__DATA PROVIDED__.
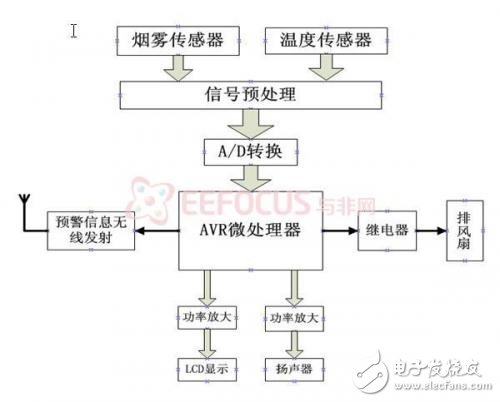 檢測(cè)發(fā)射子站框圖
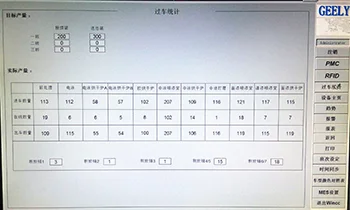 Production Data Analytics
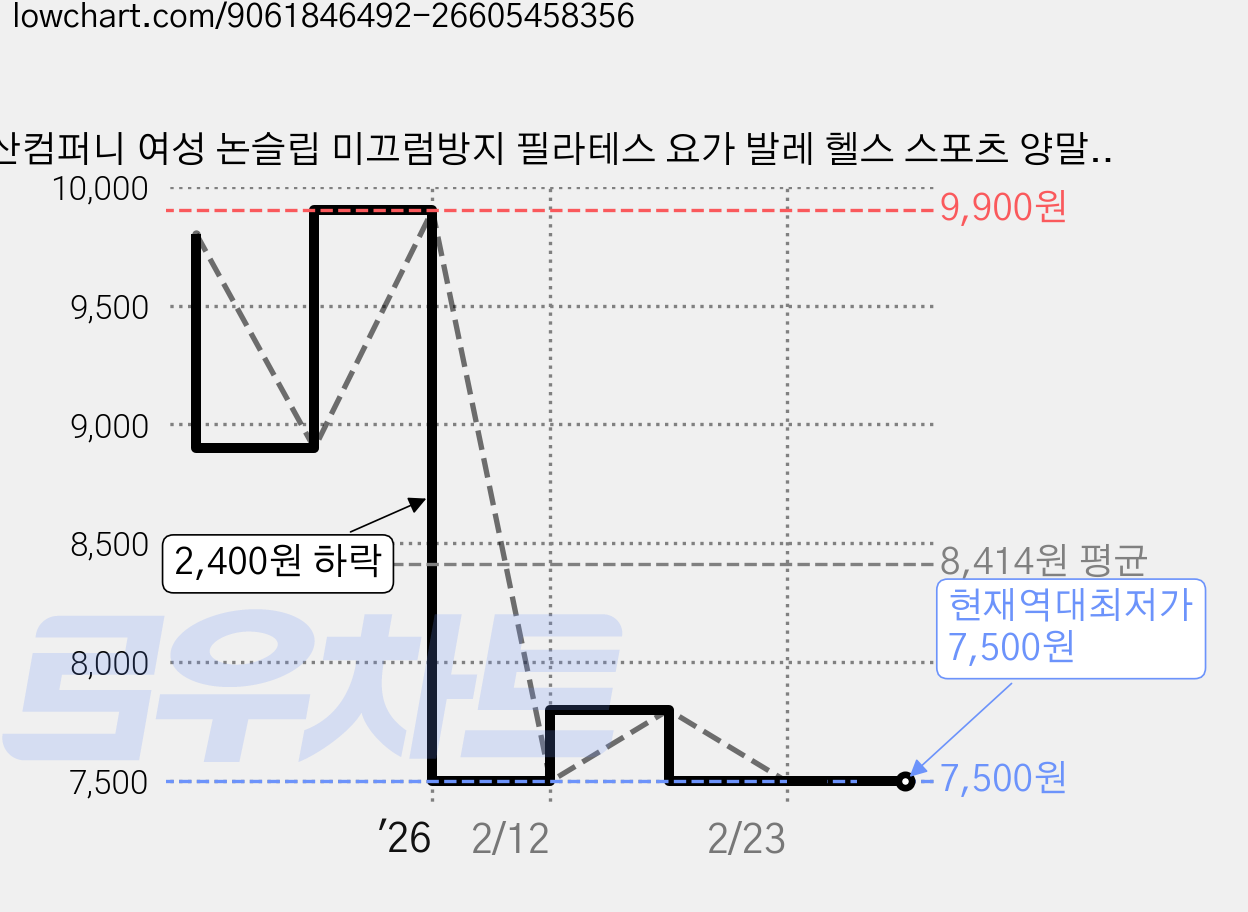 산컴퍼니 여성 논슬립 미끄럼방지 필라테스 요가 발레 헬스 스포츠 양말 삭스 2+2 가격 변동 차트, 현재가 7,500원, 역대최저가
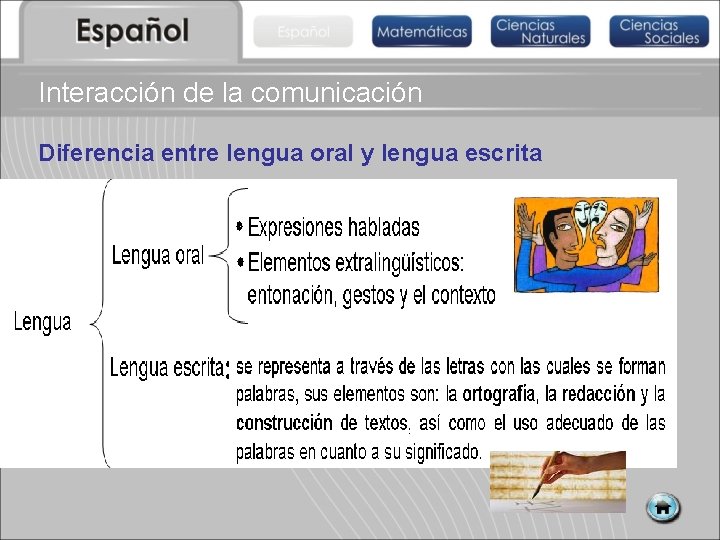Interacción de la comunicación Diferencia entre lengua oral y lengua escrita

__WHAT IS REQUIRED__.
Skip the pictures and copy exactly the lines from the one containing "Production Data Analytics" through the end of the material, both ends included.

__WRITTEN SOLUTION__.
 Production Data Analytics
 산컴퍼니 여성 논슬립 미끄럼방지 필라테스 요가 발레 헬스 스포츠 양말 삭스 2+2 가격 변동 차트, 현재가 7,500원, 역대최저가
Interacción de la comunicación Diferencia entre lengua oral y lengua escrita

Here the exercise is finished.